Having led the nuclear regulator for over five years, does Adriènne have any parting advice for the sector? “The nuclear industry has a lot to deliver for a net zero agenda and it creates amazing careers for hundreds of thousands of people. I think it can create even more value by investing in the skills to work better together, and in particular to help people become more comfortable with constructive tension that thwarts groupthink and brings real innovation and belonging. In turn this will support the admirable diversity and inclusion efforts being made by so many to stitch together diverse voices into a vibrant, colorful patchwork quilt of effective leadership and value. Why would you not want that?”

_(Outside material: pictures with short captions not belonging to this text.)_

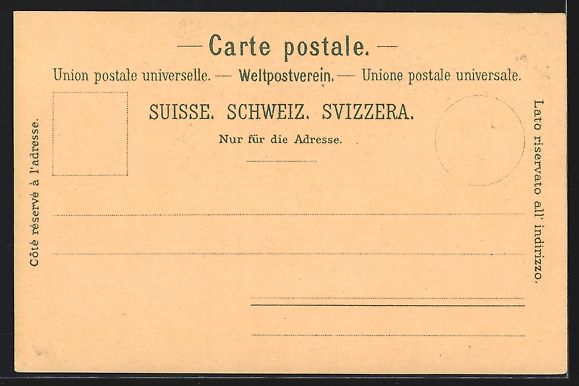 Cartoline postali: Litho Luzern, Teilansicht mit Pilatus – Usato da Berlin venduto da bartko-reher 1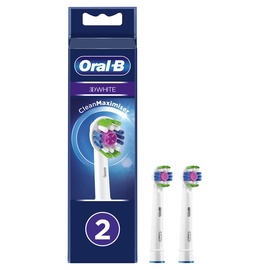 Насадка Oral-B EB18-2, белый, 2 шт.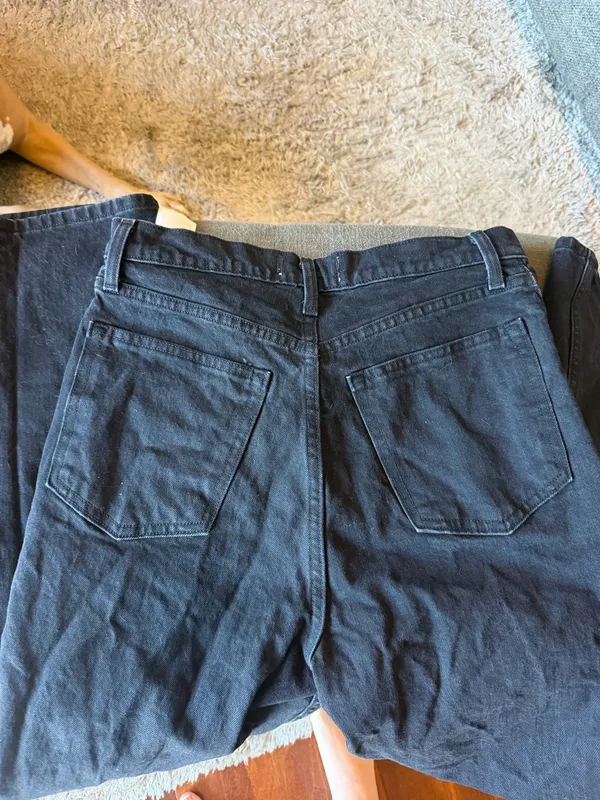 Abercrombie High-Rise Jeans 90s Straight Curve Love - Image 3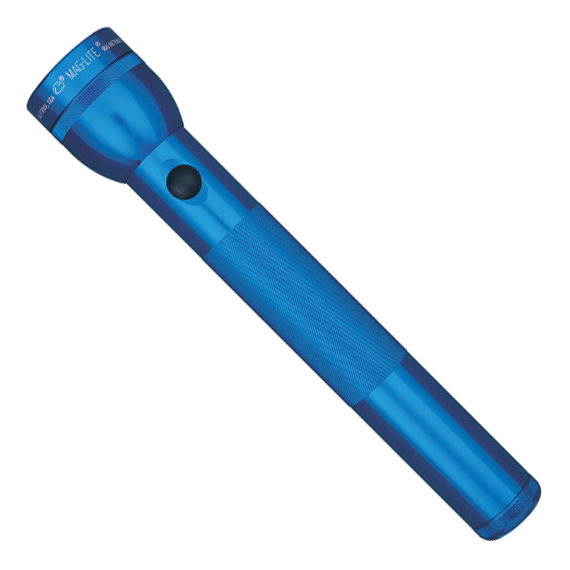 

Фонарь MAGLITE, 3D, синий, 31,3 см, в блистере S3D116E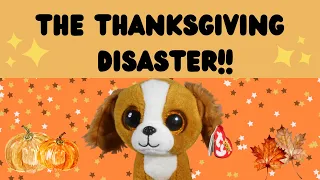 Beanie Boos: The Thanksgiving Disaster- Stop Motion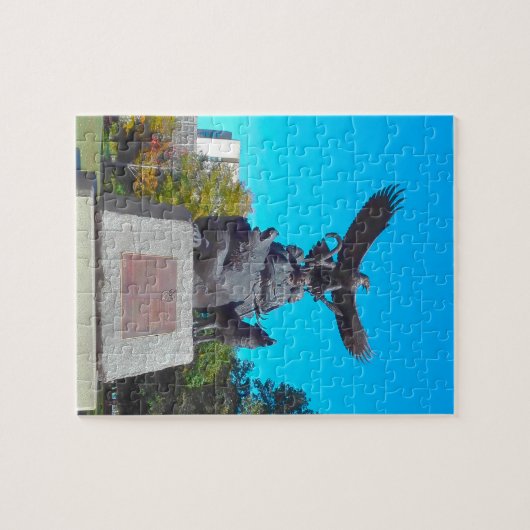 Ottawa Canada Veterans Memorial Puzzle (Horizontal)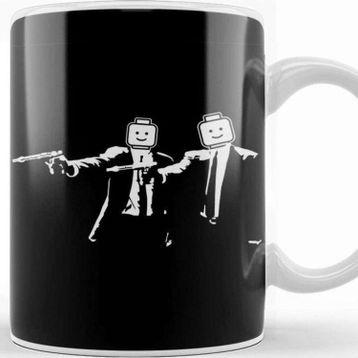 Baskı Dükkanı LEGO Pulp Fiction Kupa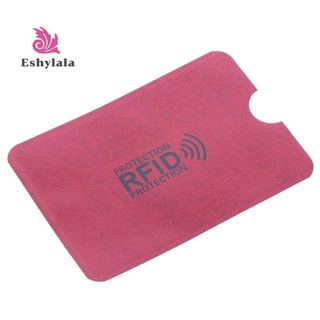 10 Chiếc Hộp Đựng Thẻ Ngân Hàng RFID Hỗn Hợp Bảo Vệ Che Chắn NFC Chống Trộm Thẻ [MỚI]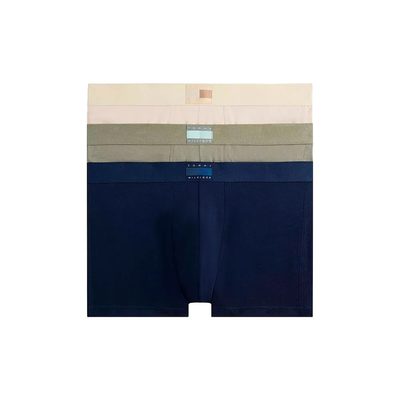TOMMY HILFIGER 3件組 四角褲 舒適 棉質 男內褲 平口褲 正品歐洲代購 [142758347]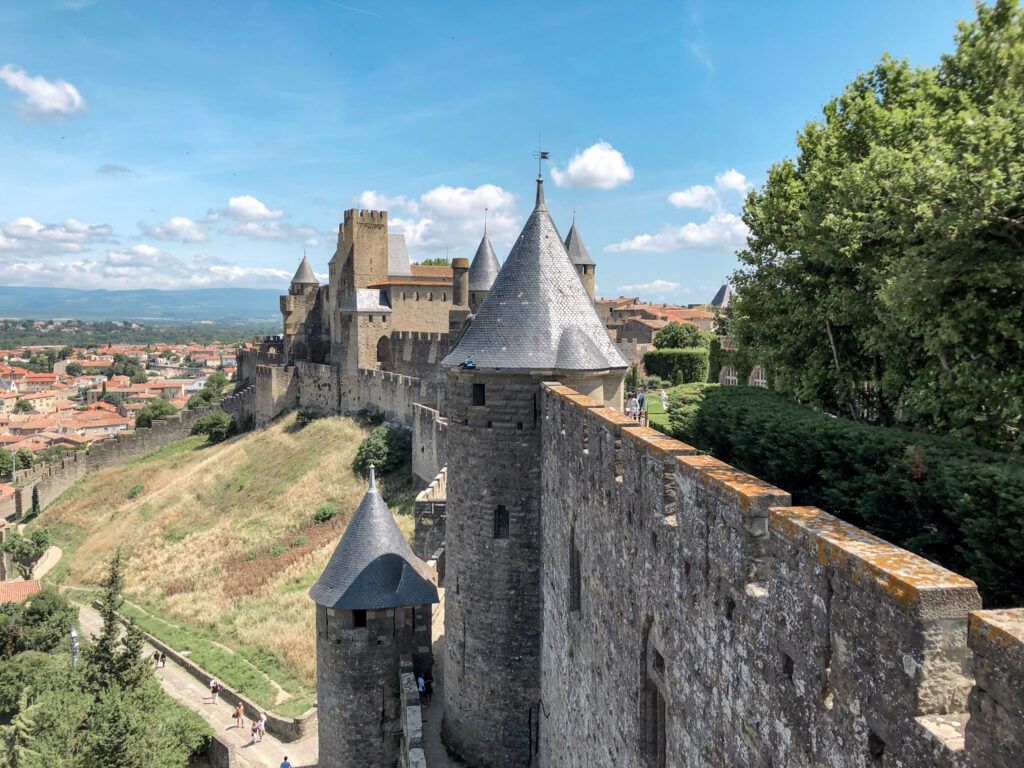 1024x768 Visit The Cité De Carcassonne, France: Castle & Cathedral Sacred Wanderings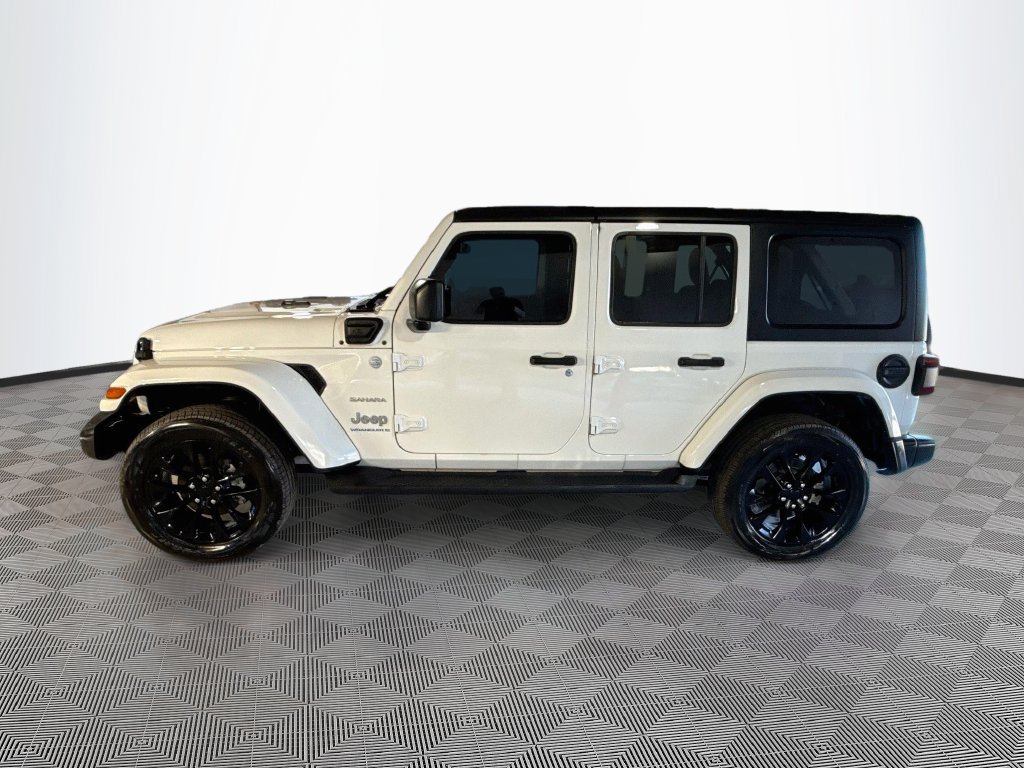 Certified 2023 Jeep Wrangler Unlimited Sahara w/ Cold Weather Group AWD/4WD image 9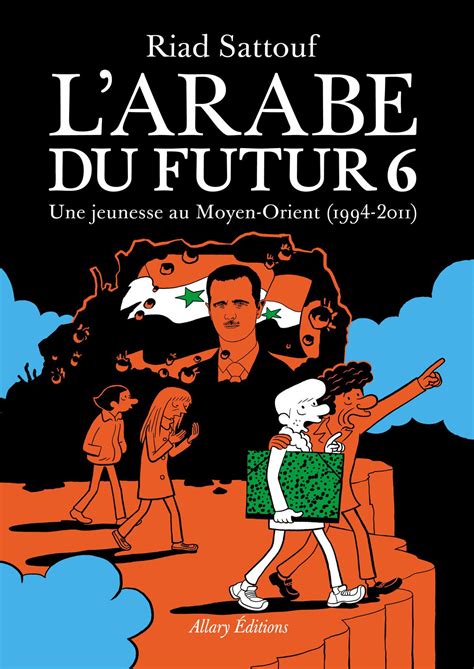 Bande Dessin E Riad Sattouf Conclut Larabe Du Futur En Apoth Ose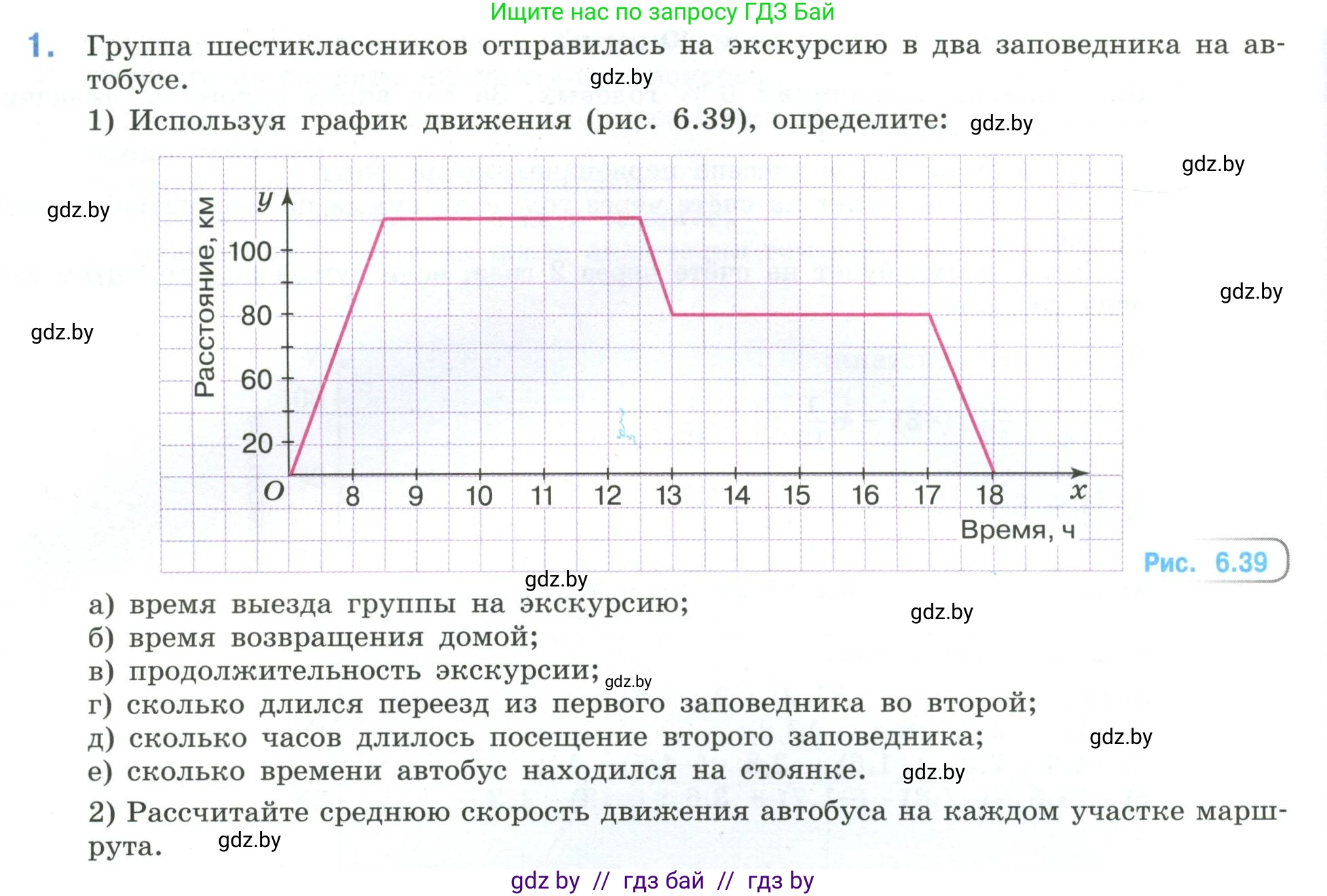 Математика, 6 класс Учебник, авторы: Виленкин Наум Яковлевич, Жохов Владимир Иванович, Чесноков Александр Семёнович, Александрова Лилия Александровна, Шварцбурд Семён Исаакович, издательство Просвещение, Москва, 2023, белого цвета, Часть 2, страница 120, номер 1, Условие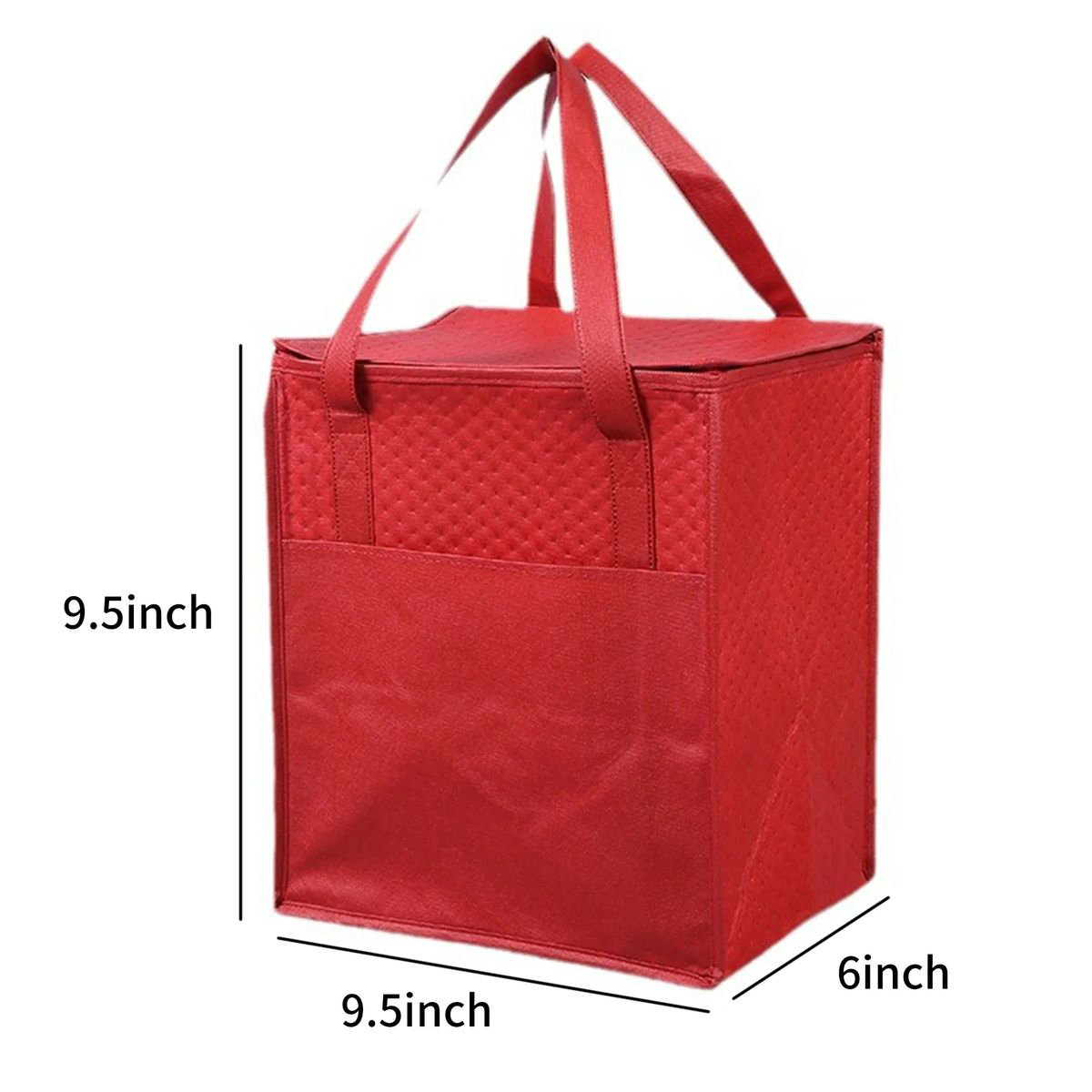 Reusable Insulated Lunch Bag For Daily Meals 2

Her last three job interview psychometrics all identified Adriènne as “a wildcard,” she laughs, “I know what it’s like to be the outlier, and I know the value of that to the team gene pool. And I’m so grateful to all those who gave me chances that others might not have.” Few leadership coaches have practical experience as a successful CEO, let alone one in diverse sectors. She believes her experience of seeing issues from different angles is a unique influence on her ability to help clients think differently to achieve their potential and create a positive leadership legacy for their organizations. When put like that, it’s easy to see why everybody needs a wildcard at their side.